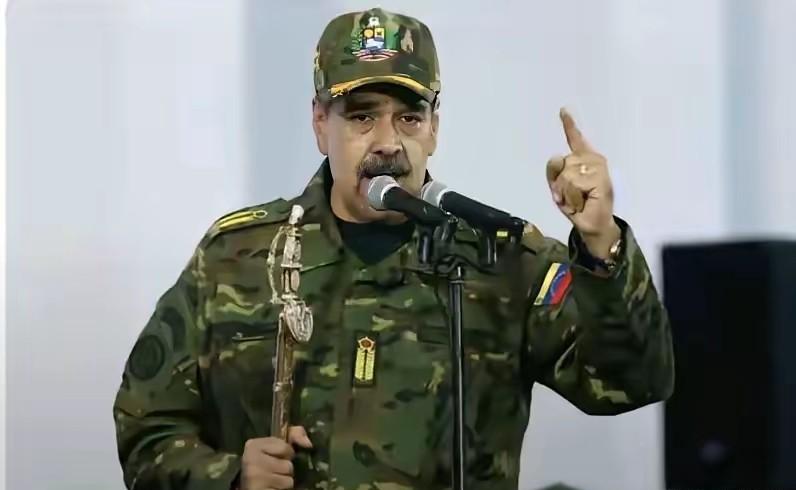 就在上个月，加州一场晚宴上，中美双方代表还在推杯换盏。
几个小时后，美方人员竟被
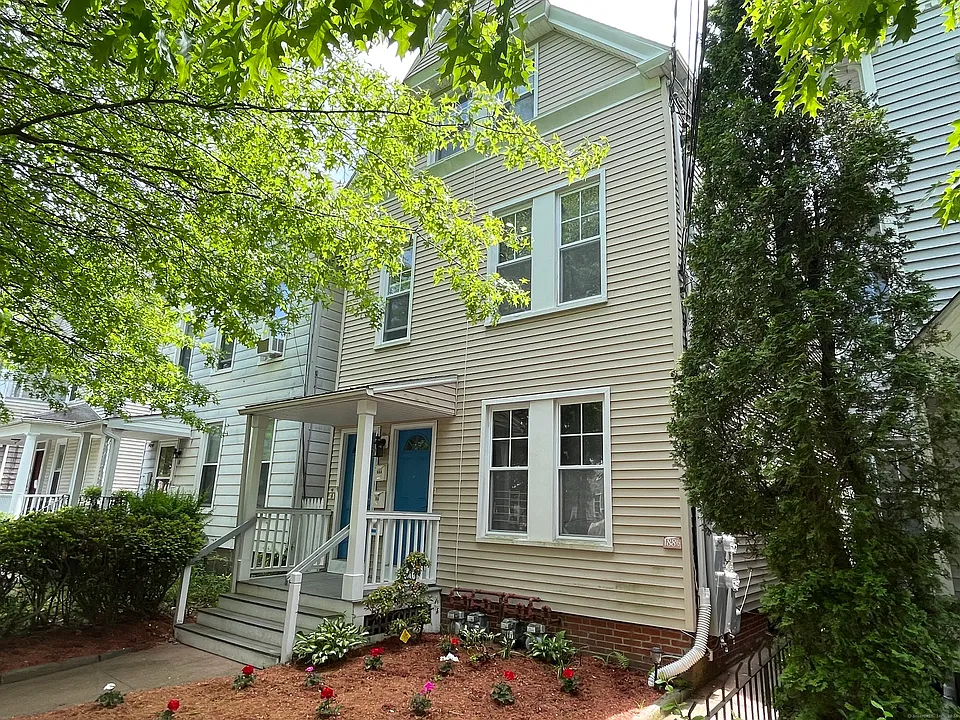 86 Edwards St #1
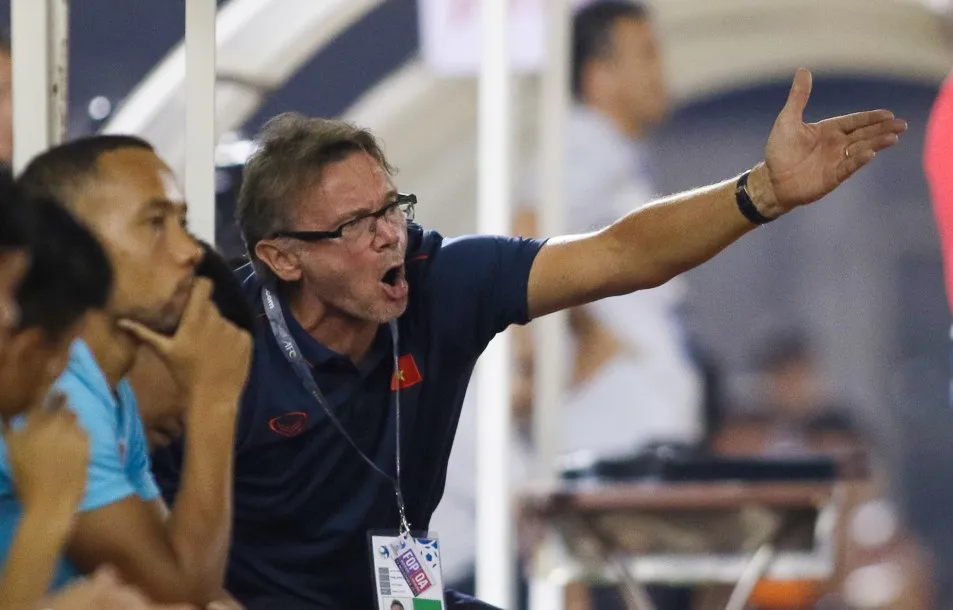 HLV Troussier chính thức ngồi ghế nóng thay thế ông Park Hang-seo. Ảnh: VFF. HLV Troussier chính thức ngồi ghế nóng thay thế ông Park Hang-seo. Ảnh: VFF.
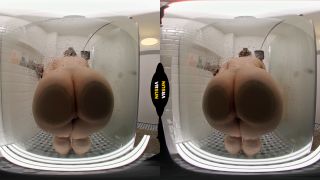 VR Bliss: Olena's UltraHD Shower 2 - Chubby Babe Teasing-2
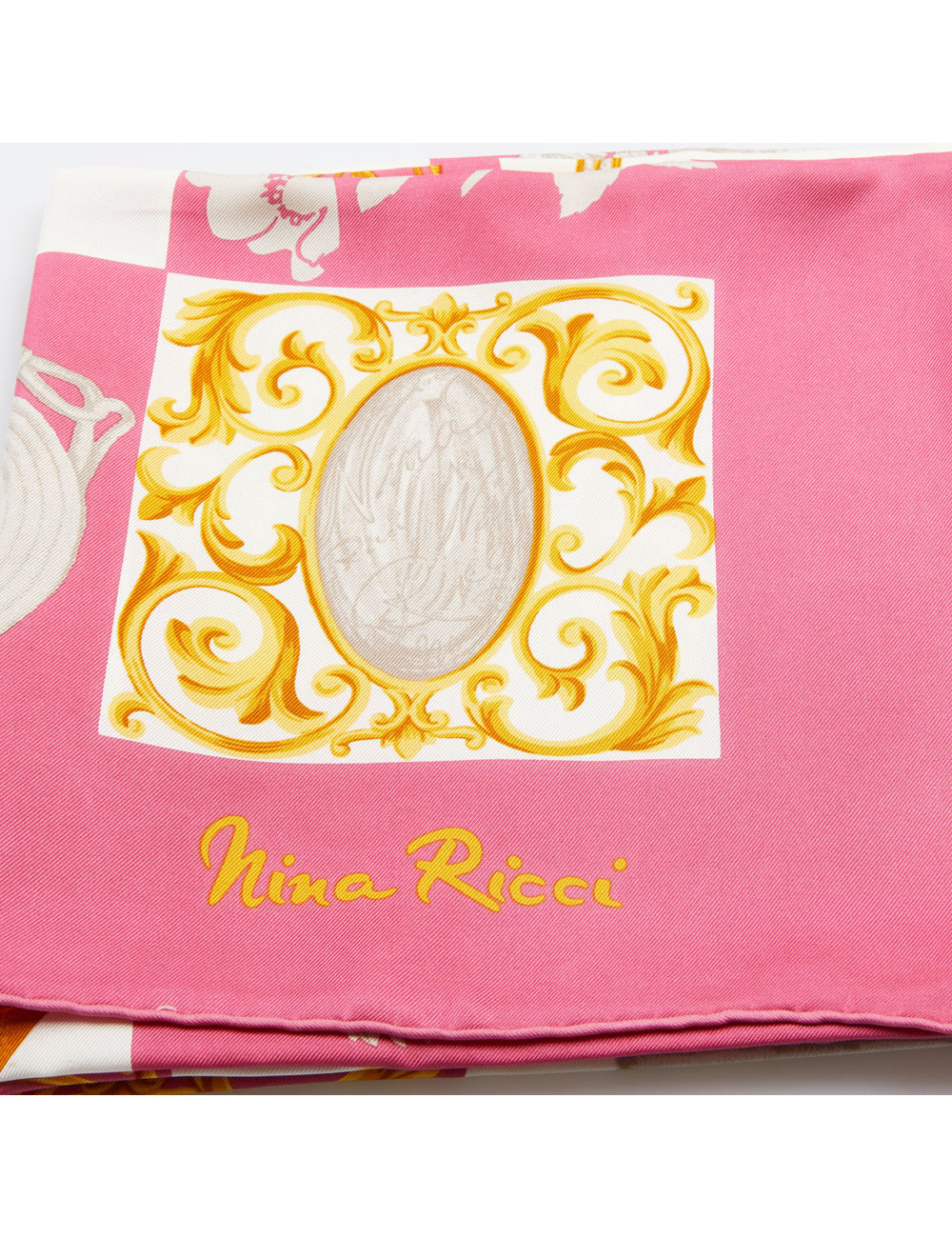 Carré NINA RICCI Vintage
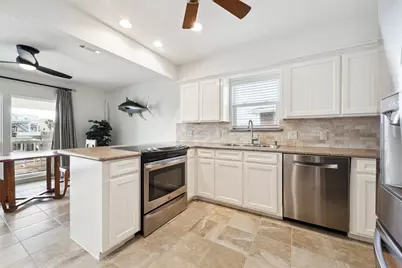 223 Easterly Drive, Tiki Island, TX 77554 - Photo 16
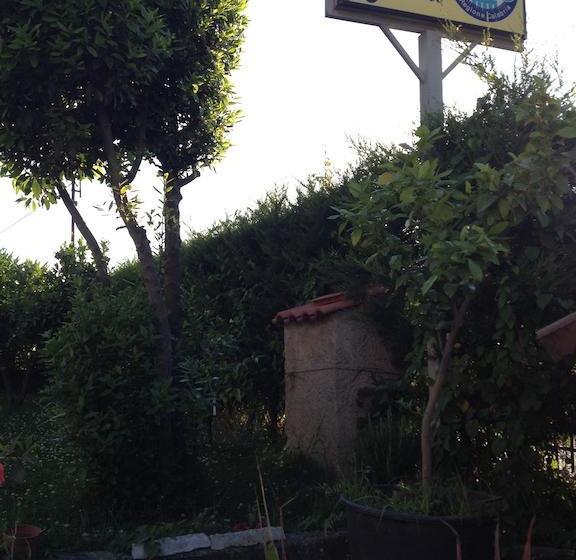 住宿加早餐  La Rosa Blu Rende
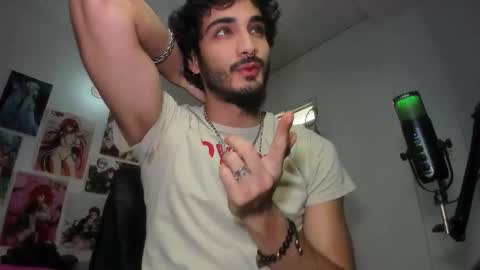 Snapshot of lovexjuxn77 chatting on 5, 12, 2025 lovexjuxn77 online show from 5, 12, 2025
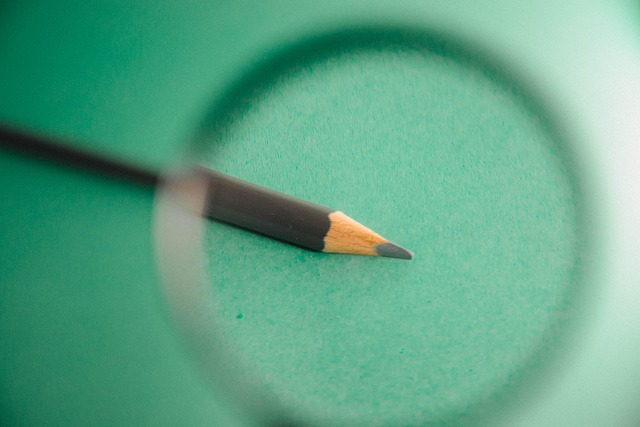 Vælg det rette forstørrelsesglas eller lup til dine læseopgaver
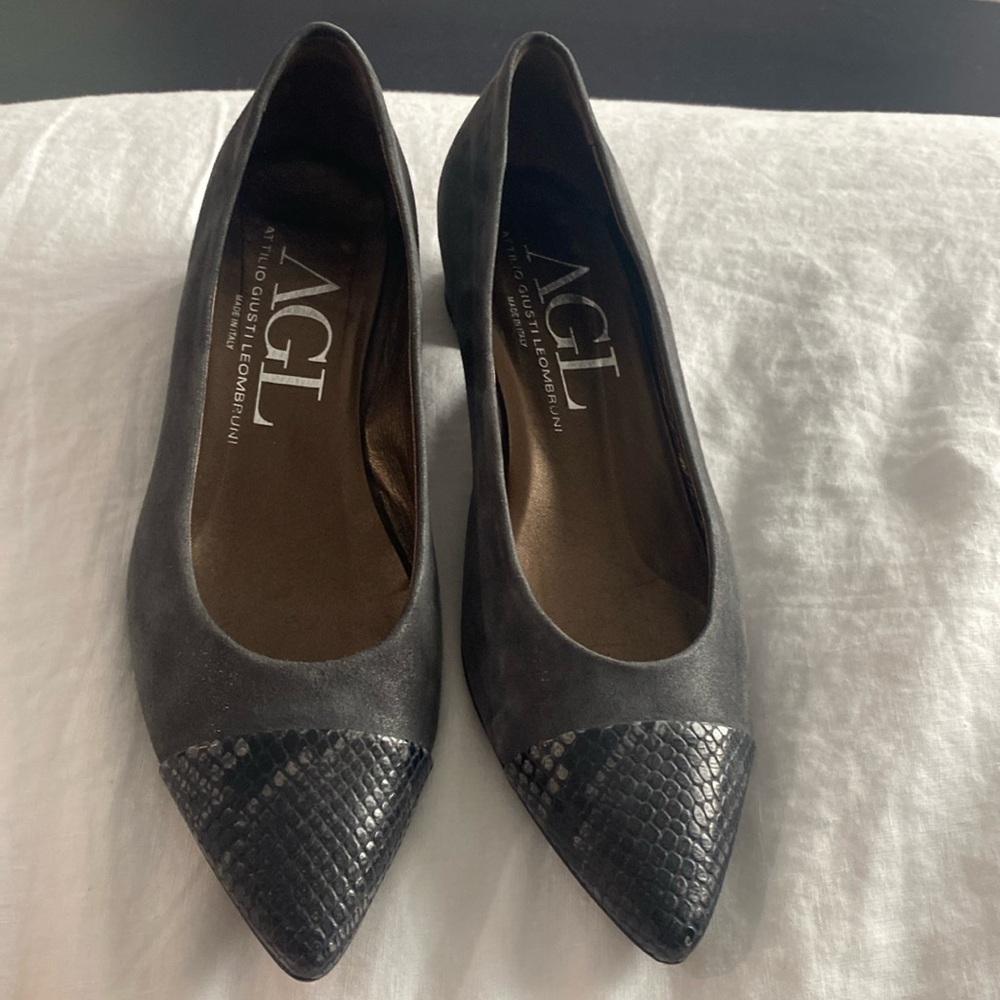 AGL suede and leather low heel /flat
____
### AIM OF THE TASK:
Once you find the line that contains "Vælg det rette", reproduce it and every line after it through the end of the entries above, exactly as written, with no pictures.

### REPLY:
 Vælg det rette forstørrelsesglas eller lup til dine læseopgaver
 AGL suede and leather low heel /flat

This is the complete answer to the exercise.